Friday, March 18, 2005

Fuel's gold

Oil prices

Mar 10th 2005
From The Economist print edition

Heading for new peaks

CRUDE-OIL prices flirted with a new high this week. West Texas Intermediate (WTI) reached $55.65 a barrel, on March 9th, just shy of the record, $55.67, set last October—although in real terms the price is well below its highest ever. The price rose on a blast of cold weather in Europe and America, which has boosted oil demand. The dollar, in which oil is priced, has also fallen to a two-month low against the euro. Both events have attracted speculative money. The New York Mercantile Exchange reported that this week an option with a strike price of $100 a barrel was traded for the first time.

Underlying oil demand is also stronger than expected. A report this week by America's Department of Energy forecast that oil prices would average $48.95 a barrel this year, 14% more than it predicted in January, and $47.05 in 2006.
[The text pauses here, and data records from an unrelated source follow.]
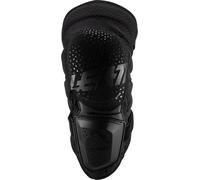 Leatt 3DF Hybrid Protectores de rodilla de motocross, negro, tamaño L XL para Hombres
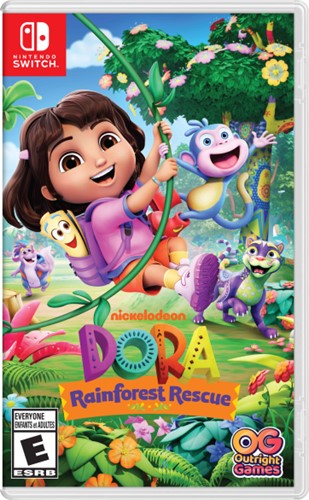 Dora: Rainforest Rescue - Switch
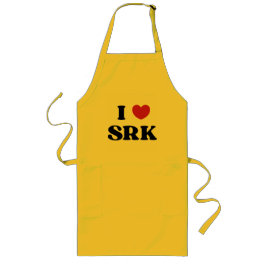 I love SRK - I Love Shahrukh Khan Lange Schürze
The oil market shrugged off news that American crude-oil stocks have risen to their highest level since July. This rise partly explains why OPEC members are unlikely to decide to increase their production when they meet in Iran on March 16th. Prices have risen by more than 20% in the past month, but members are worried that energy demand will dip as the northern hemisphere moves into spring.

OPEC formally suspended its old price target (based on an average of various oil prices) of $22-28 a barrel in January. The fact that OPEC cut production when this average fell to $34 a barrel in December suggests a new higher target, implying something around $40 for WTI. There are two reasons for this increase, suggests Simon Hayley of Capital Economics, a London research firm. A falling dollar has eroded the value of OPEC's revenues: although the oil price has doubled in dollar terms since April 2002, it has gained only 30% in euro terms. If the dollar continues to weaken, it will strengthen OPEC's desire to keep dollar oil prices high.

A second reason why OPEC has raised its price target is that the fear that higher prices will choke off world growth, and hence oil demand, has also faded. Despite high prices, last year the world economy grew at its fastest rate for a quarter of a century. This underlines the fact that oil prices have been driven higher largely by an increase in global demand, especially in China and America, rather than by a supply shock, as happened in the past.

China could decide the fate of the oil price over the next year. It has accounted for one-third of the rise in global oil demand since 2001. If China's economy continues to boom, its energy demand will keep on surging. But if China stumbles, expect oil prices to tumble in turn.